# Definiteness of matrices and principal minors

The notion of positive and negative (semi)definiteness of matrices can be used to help characterize certain naturally occuring matrices in economics. In this post, I will explain when we can say a matrix is positive/negative (semi)definite and more importantly how we can use this fact in economics.

The point of this post is not to present overly formal mathematics, there are plenty of books out there that will do that for you. For this reason I will forgo the proofs and will rather present the intuition behind the notions in question.

First, to motivate our inquiry into matrices and linear algebra consider a profit maximization problem

$\pi(p, w) = max \; pf(x) - wx.$

Here we only have one input. So it is quite straightforward what we must do to find the maximum. The first-order condition for a maximum is

$\frac{\partial \pi}{\partial x} = p \frac{\partial f(x^*)}{\partial x} - w = 0.$

Also recall that the second-order condition

$\frac{\partial^2 \pi}{\partial x^2} = p \frac{\partial^2 f(x^*)}{\partial x^2} \le 0$

must also be satisfied.

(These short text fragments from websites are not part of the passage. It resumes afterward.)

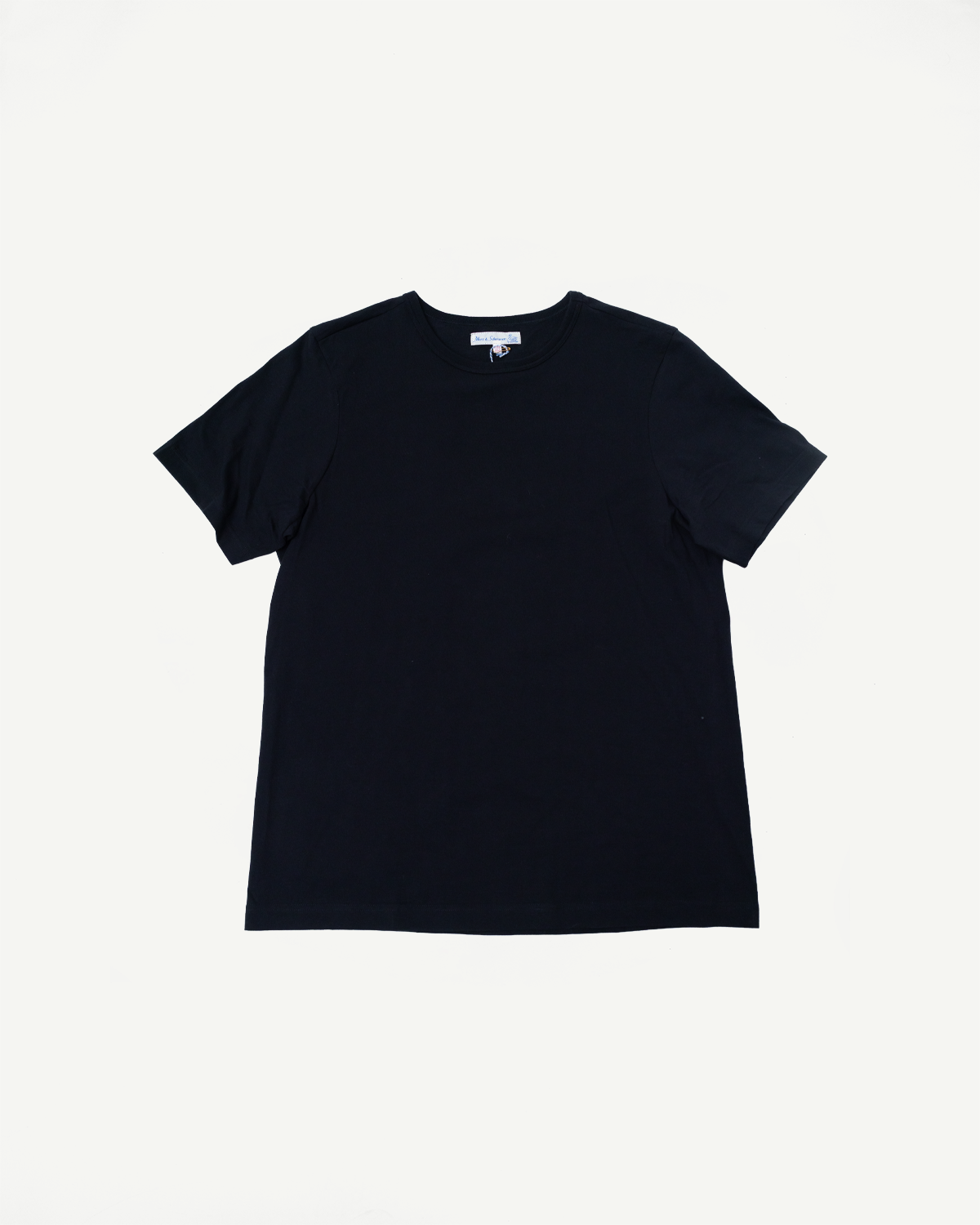 Flat lay front view of Merz b. Schwanen 1950s loopwheeled deep black t-shirt, short sleeves, classic fit, visible neck tag, Dant casual apparel.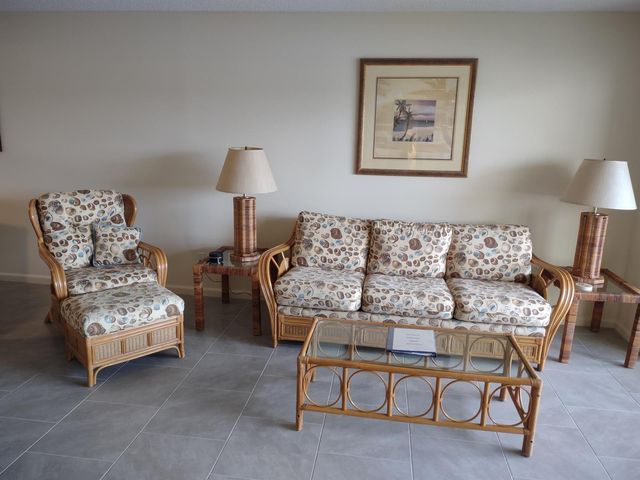 5527 NE GULFSTREAM Way, Hutchinson Island, FL 34996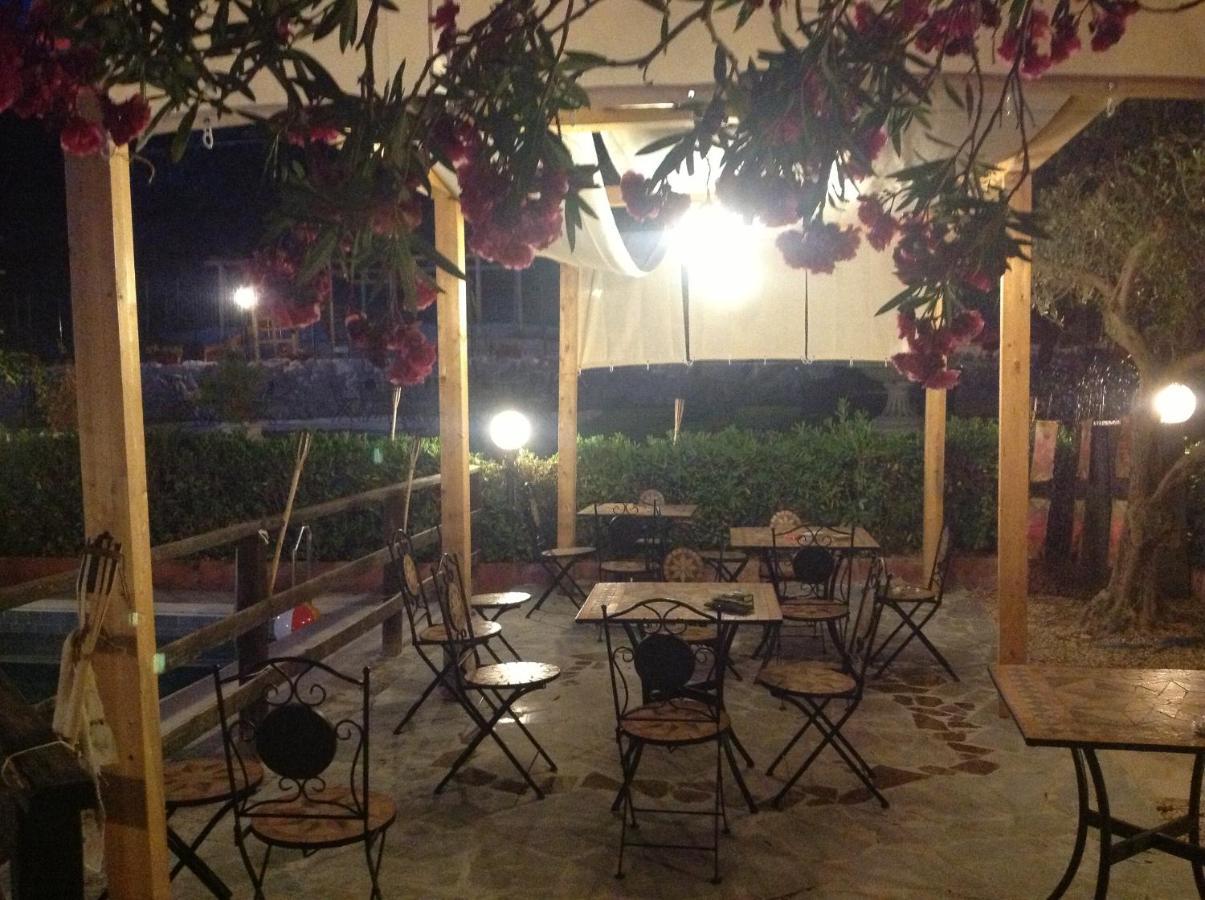 Vento Del Sud Guest House Chiaramonte Gulfi Exterior photo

The intuition behind this is simple: if the second derivative were positive at the optimum (x*), then that would mean that the first derivative of the profit function is increasing at x*. This would in turn mean that as we increase x even further from where the first derivative equals 0, we would get a positive first derivative. A positive first derivative would then imply that profits are increasing. But then surely our original point x* cannot be a maximum.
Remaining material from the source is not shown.